ゴルフクラブ
Kenjiiii
コースの状態が悪い時に適用されるルールを知っておきましょう!
昨年、伊藤園レディスの初日、上原彩子プロが、異例とも言える68罰打を受けてしまうという、珍事が起きてしまいました。
なぜこんなことが起きてしまったのでしょうか……。
目次
原因は、コースの状態が悪い時に適用されるルールへの誤解でした!
伊藤園レディスの第1ラウンド(2016.11.11)は、激しい雨によりコースの状態が悪く、罰打なしでボールを拾い上げて拭くことができる「リフトアンドクリーン」のローカルルールが設定されました。
同じ様に、コースの状態が悪い時に適用されることの多い「プリファードライ」のルールと勘違いしてしまった上原プロが、15ホールで19度誤った処置をしてしまい、異例とも言える68打罰を受けてしまいました。
日米で活躍し、3勝を挙げている上原プロでさえ間違えてしまうややこしいルールです。アマチュアのプライベートラウンドにおいて、このルールを厳密に適用する必要はないと思うのですが、いい機会なので理解しておきましょう。
それにしても、100%予選通過する可能性がないのに、応援に来てくれているファンのためにと、2日目を棄権せずに68で回ってしまうところがカッコイイです。
リフトアンドクリーン
今回、適用されたルールは、この「リフトアンドクリーン」というローカルルール。
“芝を短く刈り上げた区域(フェアウェイなど)では罰打なしで、ボールを拾い上げて拭き、リプレースできる。”

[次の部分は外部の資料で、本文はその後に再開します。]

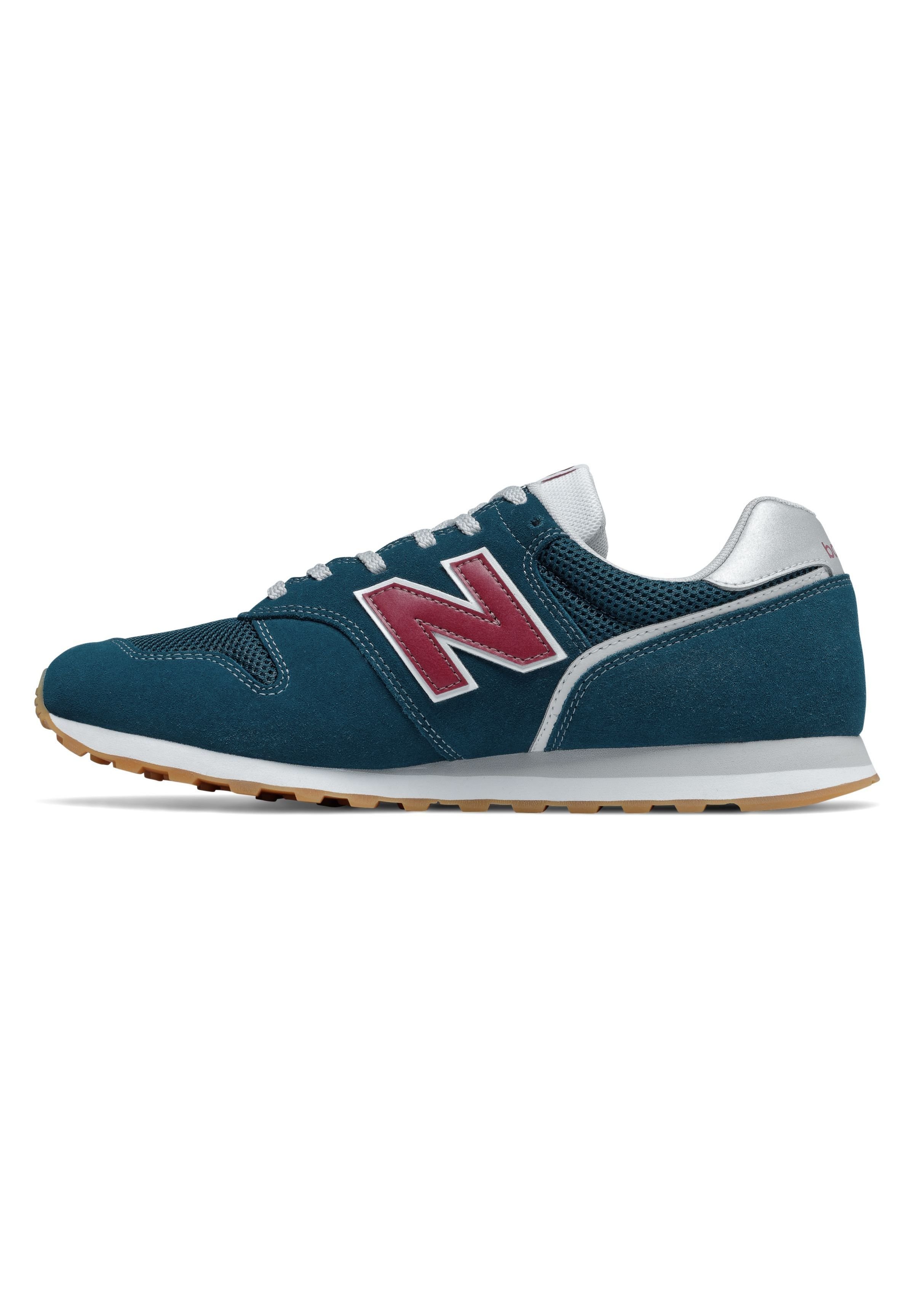 New Balance 373V2 - Baskets basses - rogue wave/neo crimson/bleu clair -  ZALANDO.FR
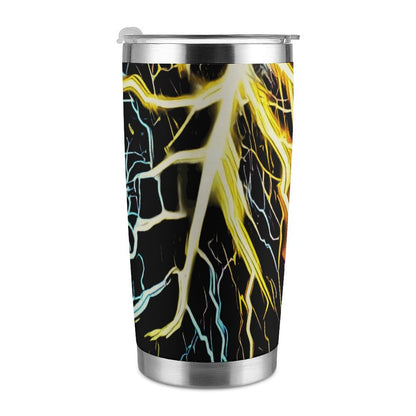 Electrifying 20oz Silver Rim Car Cup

この『リプレース』、つまり、ボールがあった元の場所にプレースというのがミソです。
ちなみに、今回は『芝を短く刈り上げた区域』となっていますが、ローカルルールですので、適用範囲はコースや主催者側の判断に任されます。
それと、拾い上げる前に必ずマークをすること。しないと1ペナルティとなります。
プリファードライ(Preferred Lies)
上原プロは、この「プリファードライ」というローカルルールと間違えてしまったと思われます。
“無罰でボールを拾い上げて汚れを拭き、元の場所からホールに近づかない、1クラブレングス以内の状況のいい場所にプレースできる。”
こちらは、リプレースではなくプレースです。つまり元の位置である必要はないということなのです。
なので、本来はリプレースしないといけないところを、状況の良い場所にプレースしてしまったため、ローカルルール違反の2罰打×19+スコアの過少申告(2罰打)×15ホールで、計68罰打となってしまいました。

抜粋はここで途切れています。